Libérer les criminels de guerre

De récents acquittements ont fait l’effet d’une bombe dans plusieurs pays de l’ex-Yougoslavie. Ante Gotovina, un général croate accusé de crimes contre l’humanité sur les Serbes de Croatie, a été libéré en appel en novembre 2012. Véritable scandale en Serbie et totale incompréhension de la population. Mais depuis à la grande satisfaction des autorités serbes, la Chambre d’appel du TPIY a aussi acquitté l’ancien général serbe Momčilo Perišić, le 28 février 2013. Les deux anciens chefs de guerre ennemis avaient été condamnés respectivement en première instance à 24 et à 27 ans par le TPIY. Ces décisions de justice semblent donc d’autant plus inexplicables aux yeux de l’opinion. Au lieu de garantir l’espoir d’une réparation psychologique pour des populations ravagées par la guerre, le TPIY semble compliquer le deuil de ces pays. Encore aujourd’hui, la Serbie et la Croatie portent plainte l’une contre l’autre pour  génocide. Les acquittements des principaux chefs militaires rendent d’autant plus complexes les relations des deux pays pas encore tout à fait réconciliés.

Manifestation à Belgrade le 4 décembre 2012 pour protester contre l'acquittement des généraux croates.
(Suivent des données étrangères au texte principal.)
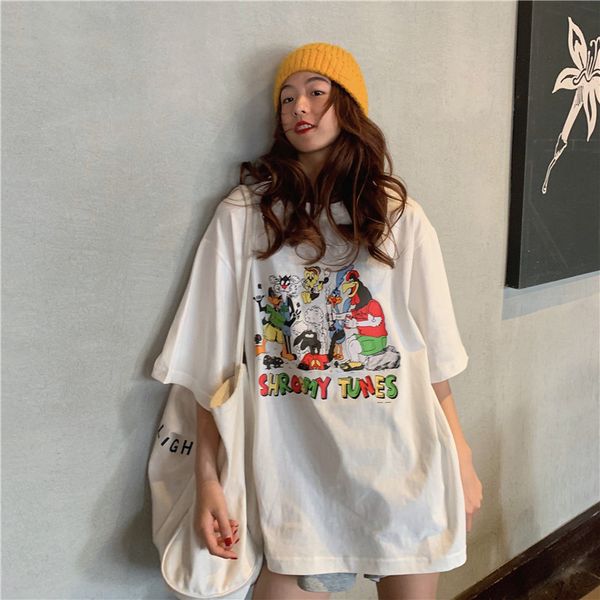 2020 summer new student coat wild european goods large version loose t-shirt female short-sleeved net long section, White
2020 summer new student coat wild european goods large version loose t-shirt female short-sleeved net long section, White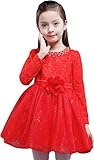 (コ-ランド) Co-land 秋冬着 キッズワンピース 長袖 子供服 ドレス プリンセス フラワー飾り フォーマル 女の子 ガールズ ベビー 入園式 演奏会 結婚式 レッド 150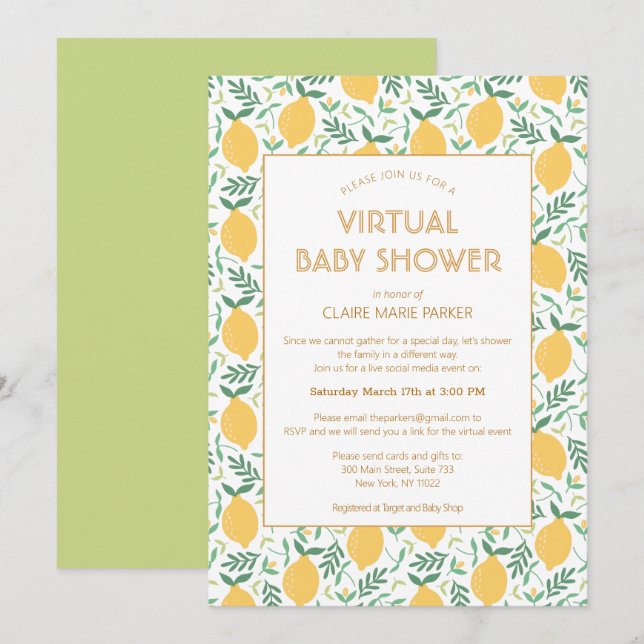 Invitación Baby Shower virtual de fioliage de cítricos limón (Anverso / Reverso)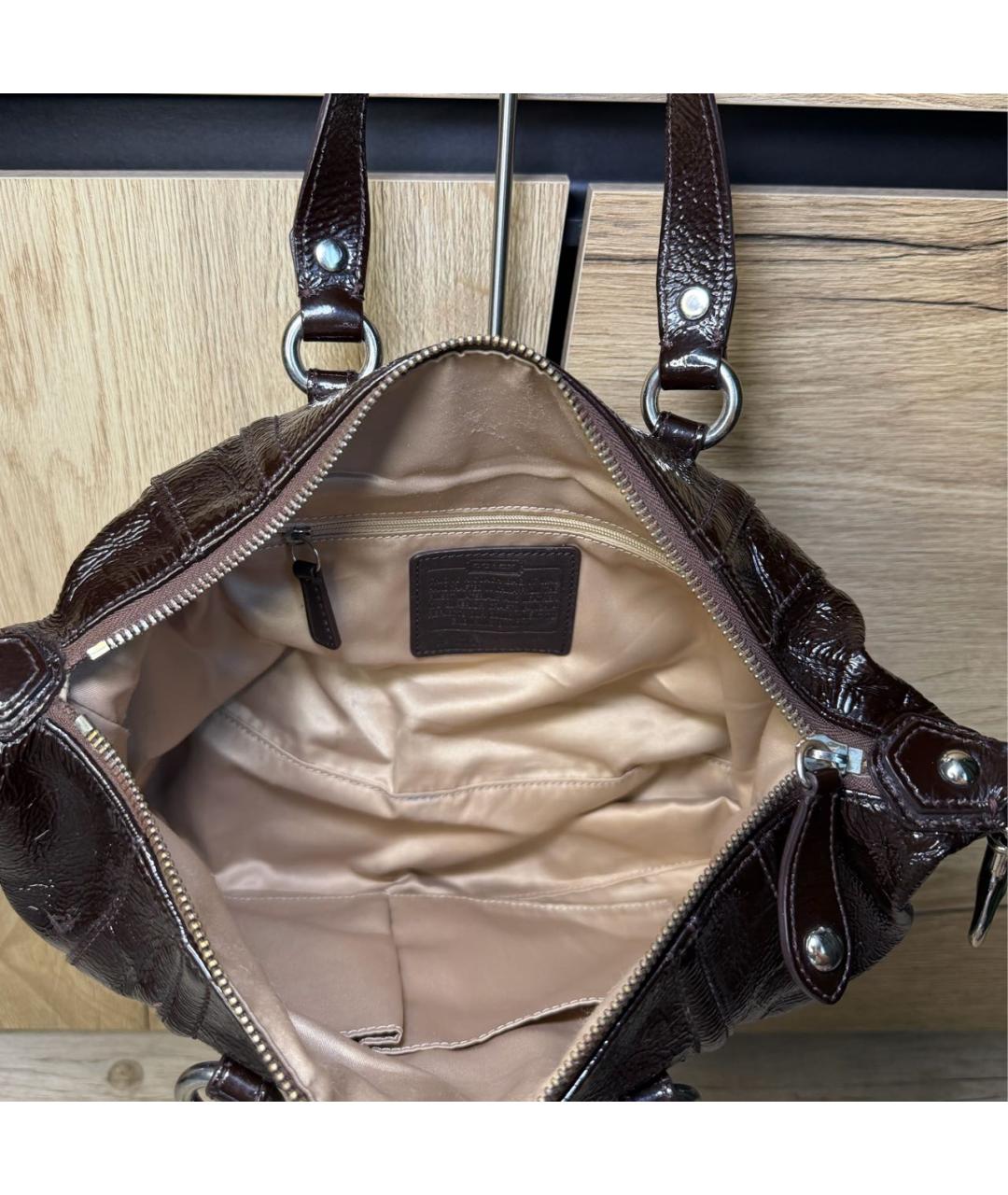 COACH Коричневая кожаная сумка с короткими ручками, фото 5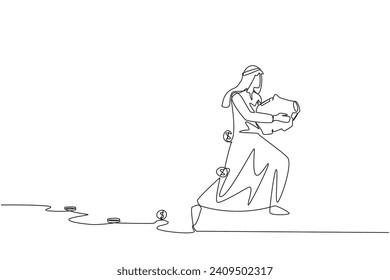 Single continuous line drawing Arabian businessman running while carrying a piggy bank with coins scattered around. Running to save profits. Can't suffer losses. One line design vector illustration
Photo : Sophie Guesné

Manifestation à Belgrade le 4 décembre 2012 pour protester contre l’acquittement des généraux croates. Photo : Sophie Guesné

Incompréhension et colère des victimes en Bosnie-Herzégovine

Entre-temps, en Bosnie-Herzégovine, les événement à la Haye sont mal vus par la population qui condamne la décision du TPIY d’acquitter Perišić, condamné en première instance de crimes contre l’humanité, notamment lors des sièges de Sarajevo et Zagreb et lors du massacre de Srebrenica. Les associations et les familles des victimes accusent le tribunal de rendre un « verdict politique » plutôt qu’une décision de justice, afin de ne pas condamner les hauts responsables yougoslaves pour leurs crimes commis en Bosnie.

Un acte de récompense ?

Cependant, le TPIY a condamné à 22 ans d’emprisonnement Stojan Župljanin et Mico Stanišić le 27 mars 2013, deux haut-fonctionnaires des services de sécurité et du ministère de l’Intérieur de Republika Srspka au moment des crimes de guerre. Cette fois-ci, la justice TPIY n’a pas fait grâce et a reconnu les deux accusés coupables d’une longue liste de crimes : meurtres, tortures et actes cruels inhumains. Néanmoins, les interrogations se multiplient quant à la crédibilité des décisions du Tribunal de la Haye qui au cours des derniers mois, semble avoir faire preuve d’une légèreté certaine. De quoi nourrir les arguments de « corruption » de ses plus virulents détracteurs.